Change Order-Form

A change order is a document that changes the scope of work in the contract. It can add items to the scope of work, or reduce it.

What information is each section asking for?

At the top of your G701 form, you’ll see the section asking for project information. 

  • “Project”: the name of the project and the address or parcel number.
  • “Contract for”: descriptions of the work, materials, or services you are providing to the project, including the date that the contract began. 
  • “Change order information”: the change order number and the date of the change order. For example, if this is the first change order on this contract, put down 001. 
  • “Owner”: the name and address of the project owner.
  • “Architect”: the name and address of the project architect. If an architect is not part of the project, this might be the GC or project manager. 
  • “Contractor”: your name and address under “contractor.”

The next section of the AIA G701 Change Order form begins with “THE CONTRACT IS CHANGED AS FOLLOWS.” This is where you should describe all of the changes to the original contract. Make sure to include all of the details of the proposed changes, and the cost of each change. It’s important to be specific in case a payment dispute arises later concerning the details of the work

The next section will provide all of the previous accounting values, and how the change in work will affect the contract price.  For the purpose of this video, we’ll assume you’re using lump sum. 

  • “The original Contract Sum/GMP”: the original contract amount for the work. This number will be the same throughout the project, no matter how many change orders you write.
  • “Net change by previously authorized Change Orders”: if this is the first change order on the project, this value will be 0.  If it’s the second change order or after, then this field will be the total value of the previous changes. This can be either a positive or negative change, as some change orders are deductive change orders. 
  • “The contract sum prior to this Change Order”:  to get the right figure, simply add the two lines above this one. This figure is the total of the original contract sum and the net change by previously authorized change orders. 
  • “The Contract Sum will be increased, decreased, or unchanged by this Change Order in the amount of ___”:  This is where the total cost of the current change order is written.
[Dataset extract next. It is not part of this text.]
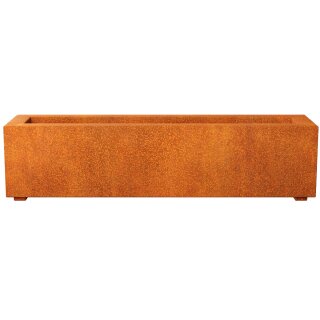 LARGO 2 Corten Metallblumentopf, Design-Objekt aus Corten-Stahl, Materialdicke 2mm, 120x30x30 cm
This should match the price that the owner or architect agreed upon for the change.  
  • “The new Contract Sum/GMP including this change order”: add up the two previous lines, or subtract them if the change order decreases costs. This is the new total contract sum after accounting for the current change order.
  • “Contract Time will be increased, decreased, or unchanged by ____ days”: add how the change order will affect the performance time, in the number of days. 
  • “New date of Substantial Completion”: once you determine the number of days that will be affected by the change order, add or subtract that from your contract’s date of substantial completion. This is the new date you expect to finish the work by. 

Who should sign the AIA G701 Change Order form?

  • Finally, get it signed. A change order is basically an amendment to the original contract, so it should be signed by all of the relevant parties. It requires signatures from the contractor agreeing to the changes, and the owner and architect ordering the changes.

Also, for record-keeping purposes, the AIA G701 should also be printed out and signed three times. That way each party has an original, executed copy to clarify any issue that can potentially come up later on in the project.